WHAT IS NEEDED:
Starting with the line that contains "FCC CE POS Makbuzu", give again exactly and only each line through the end of the records; include the last line and exclude pictures.

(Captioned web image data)
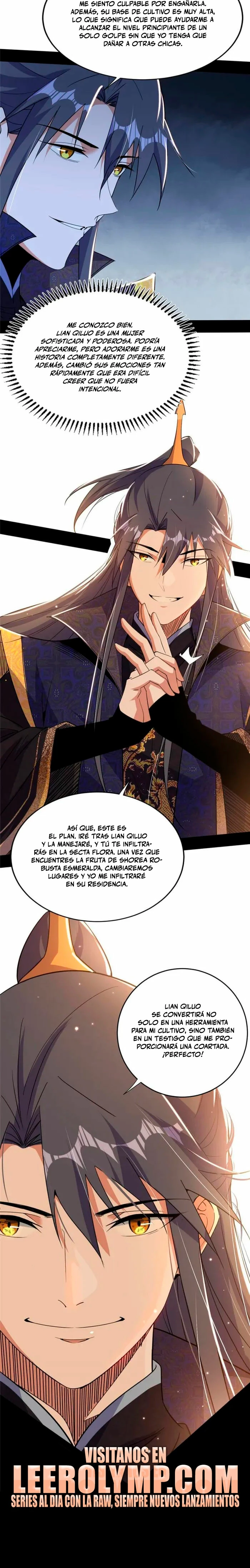 Soy un Dios Maligno > Capitulo 423 > Page 201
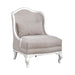 Magnolia Manor Upholstered Accent Chair in Antique White image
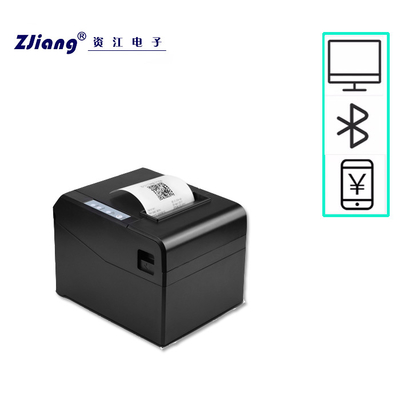 FCC CE POS Makbuzu Bluetooth Termal Yazıcı 80mm 203dpi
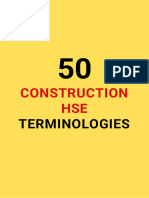 HSE Terminologies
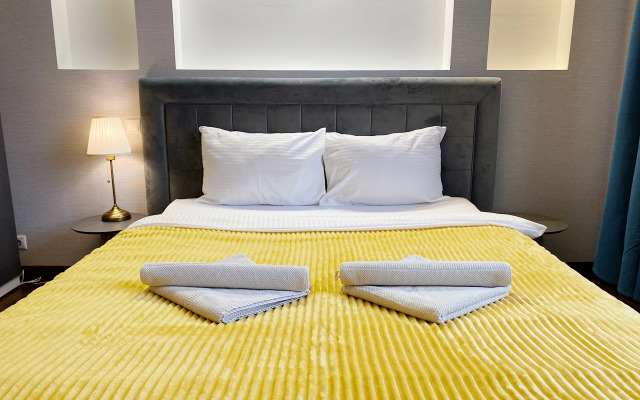 U Pushkinskoj I Vidom Na Tverskuyu Ulitsu Apartments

EXERCISE SOLUTION:
 FCC CE POS Makbuzu Bluetooth Termal Yazıcı 80mm 203dpi
 HSE Terminologies
 U Pushkinskoj I Vidom Na Tverskuyu Ulitsu Apartments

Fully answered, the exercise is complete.